# Task description:
In the listing that follows, find the line with "Male Worker Into", then copy exactly from it through the line with "Plane catches fire", leaving out every picture.

# Data shown:
━━━━━━━━━━━━━━━━

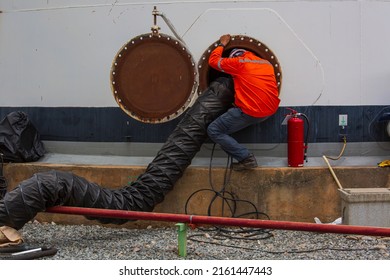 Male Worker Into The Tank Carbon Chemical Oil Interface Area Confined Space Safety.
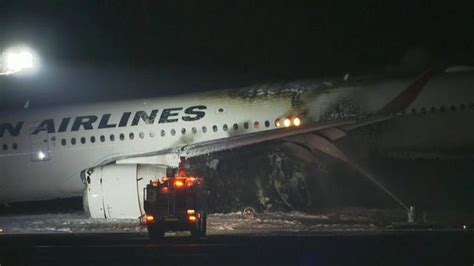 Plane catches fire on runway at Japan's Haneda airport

━━━━━━━━━━━━━━━━

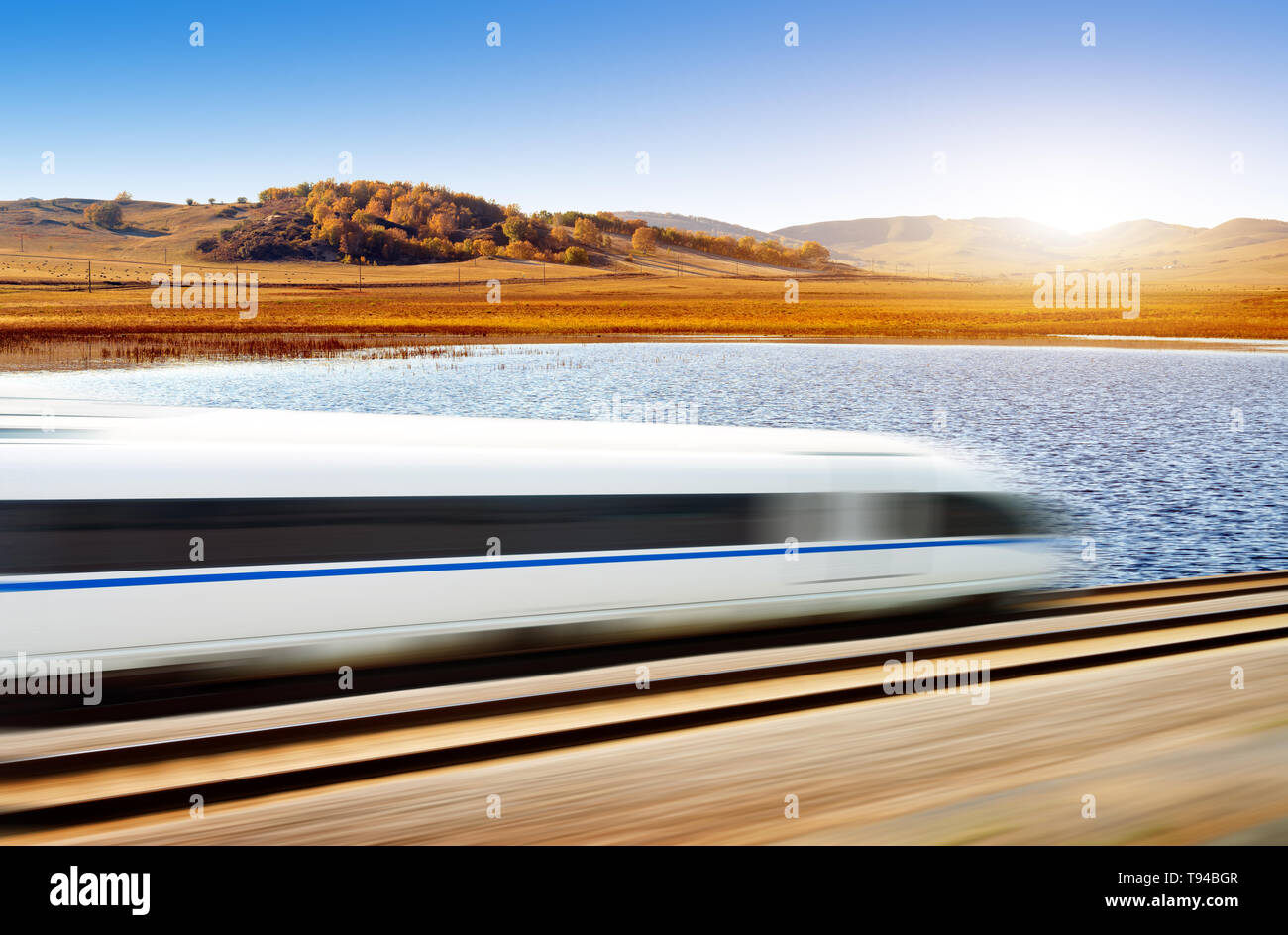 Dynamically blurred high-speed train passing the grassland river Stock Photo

━━━━━━━━━━━━━━━━

# Solution:
 Male Worker Into The Tank Carbon Chemical Oil Interface Area Confined Space Safety.
 Plane catches fire on runway at Japan's Haneda airport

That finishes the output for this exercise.